Manche Menschen, wie meine Freundin an meinem alten Wohnort, sehe ich hin und wieder im Jahr. Ich scheine hier aber eher wieder die „Nebenrolle“ zu spielen; also es ist in Ordnung mich zu sehen, aber regelmäßiger Kontakt findet nicht zwangsläufig statt. Anders ist das bei zwei Freundinnen aus meinem Studium und meiner ehemaligen Mitbewohnerin. Wir sehen uns aufgrund der Distanz auch nur hin und wieder, bleiben aber zwischen den Treffen noch schriftlich in Kontakt. Oder über Sprachnachrichten.

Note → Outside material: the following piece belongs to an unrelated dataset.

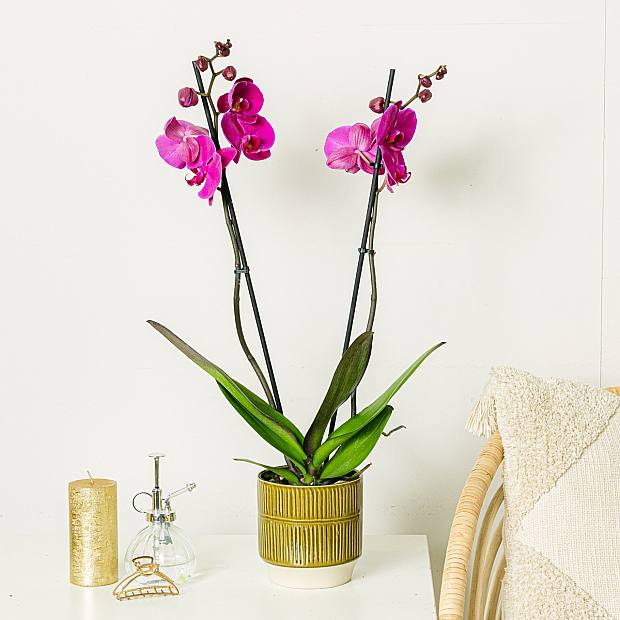 Violett Orchidee - 60/70 zentimeter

Ich habe gar kein richtiges Schlusswort an dieser Stelle. Außer vielleicht, dass der zwischenmenschliche Bereich für mich kompliziert ist. Ich habe nur Enttäuschungen satt, denn ich weiß eben gerne, woran ich bei einem Menschen bin. Eine „Nebenrolle“ kann ich gut akzeptieren, aber die „Ersatzbank“ oder die „Außenseiterrolle“ schmerzen mich zu sehr.

Ein Kommentar zu „Freunde

  1. Eine Erfahrung die ich gemacht habe, ist, dass andere erwarten, dass man Interesse an ihnen zeigt – sich von sich aus meldet, nachfragt, Treffen initiiert. Wenn die Freundschaft dadurch einseitig wirkt, wird die Basis der Freundschaft selbst infrage gestellt. Einige sprechen das an („Immer muss ich …“), andere ziehen sich wortlos und irritiert zurück. Ein Teufelskreis, wenn du auf der anderen Seite dich selbst infrage stellst, aber gleichzeitig nicht aus deiner Haut kannst.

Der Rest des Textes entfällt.